Stop! In the name of love an absence of movement buttons.

On the module will be a 6×6 diamond consisting of four colours, with two additional buttons to the top-left of it. The toggle button will be to the left, and the submit button will be to the top.

The toggle button toggles the 6×6 diamond between two sets of four colours, the colour of the submit button between black and white, and its own colour between one colour of each colour set.

The goal of this module will be to create a 4×4 binary matrix which defines a fully traversible maze shown on the module through the 6×6 diamond of colours.

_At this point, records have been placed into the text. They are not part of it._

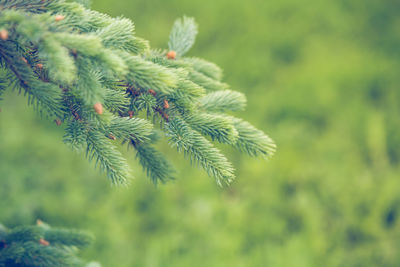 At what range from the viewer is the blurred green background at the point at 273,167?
2.47 metres

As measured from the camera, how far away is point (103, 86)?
99 cm

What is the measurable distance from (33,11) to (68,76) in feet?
1.00

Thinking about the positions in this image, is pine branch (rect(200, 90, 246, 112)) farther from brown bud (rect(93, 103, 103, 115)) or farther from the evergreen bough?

The maze is defined by the matrix as follows:

• The rows of the matrix are associated with the four colours of the first 6×6 grid.
• The columns of the matrix are associated with the four colours of the second 6×6 grid.
• It is only possible to travel from one tile to another that shares an edge if the intersection of the colour of the starting tile in the first grid and the colour of the target tile in the second grid is a 1.
• Additionally, the following applies to the matrix:
• Each row and column must contain at least one 0.
• If a specific intersection of colours does not occur while navigating, that intersection has a value that is neither 0 nor 1. Instead, it is marked as “Absent”.
• If at any point while making the matrix all currently undefined values can be set to 0, they should be set to 0.
• You should now have a completely filled-in matrix.

After finding this matrix, find the intersection of the two colours on the toggle button, and press the submit button when it is black if the value is 0, and white if it is 1. Repeat this process with the new colour pair on the toggle button until the module is solved. Note that absent cells will never be displayed on the toggle button, and the module will continue to the next colour pair even upon a strike.